A confusing mistake in evaluating $\int_{-\infty}^{\infty}{\frac{e^{-x^2}}{x^2+a^2}dx}$

Question

Assume a>0.
Using real method: $$\int_{-\infty}^{\infty}{\frac{e^{-x^2}}{x^2+a^2}dx}=\frac{e^{a^2}\pi\operatorname{erfc}(a)}{a}$$ Using residue: Let $C_L:|\Re z|\leq R$ , $C_R:|z|=R, \Im z>0$, their positive union is $C$. $$\int_C{f(z)dz}=2\pi i\operatorname{Res}(f,ai)=\frac\pi ae^{a^2}$$ I can easily prove $\int{_{C_R}}{f(z)dz}\to0$, so $$\int_{-\infty}^{\infty}{\frac{e^{-x^2}}{x^2+a^2}dx}=\frac\pi{2a}e^{a^2}$$ Mathematica shows that the first one is correct. So where is the mistake?

Answer 1

So the problem here is in the line

I can easily prove $\int_{C_R} f(z) \, dz \to 0...$

because unfortunately, it's false. Write $z = Re^{it}$; then

$$|\exp (-z^2)| = |\exp(-R e^{2it})| = \exp \Re(Re^{2it}) = \exp\big(-R \cos(2t)\big).$$

Now $t$ varies between $0$ and $\pi$; when $t \approx \pi/2$, the exponential is not decreasing much.

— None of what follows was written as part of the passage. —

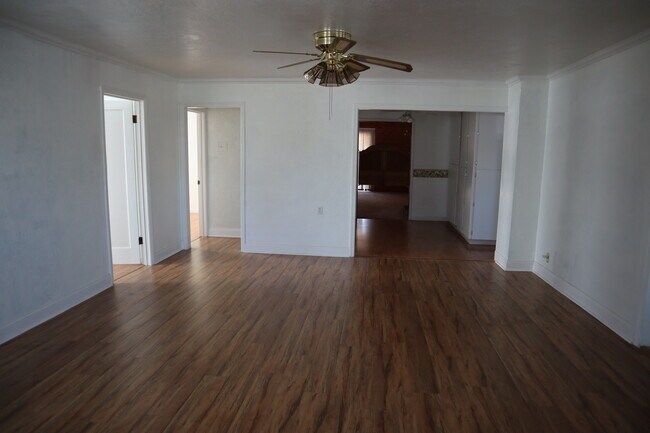 Foto del edificio - 501 Springer Ln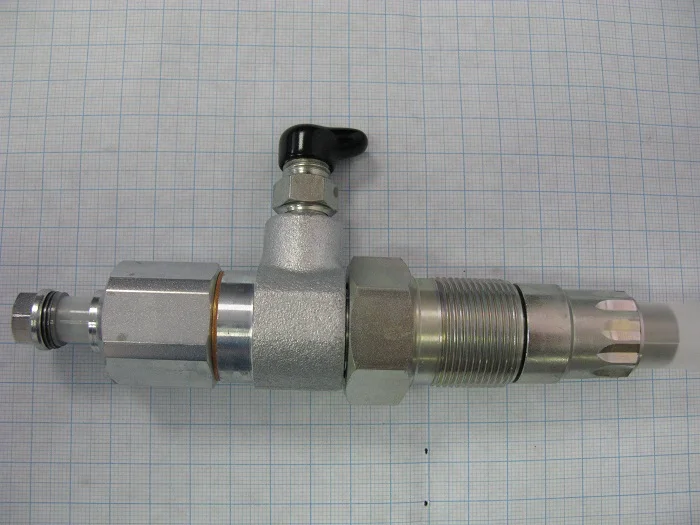 Z-5-15300-039-1 Форсунка С240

There is a little angular sector whose angle is of order $1/R$ on which we have a uniform lower bound on the exponential; this has length of order $R$, and so we have a non-vanishing error term.

Answer 2

The mistake is the following: "I can easily prove $\int_C f(z) dz \to 0$".

I don't think this is true, since $f(z) \to \infty$ very fast around the imaginary axis.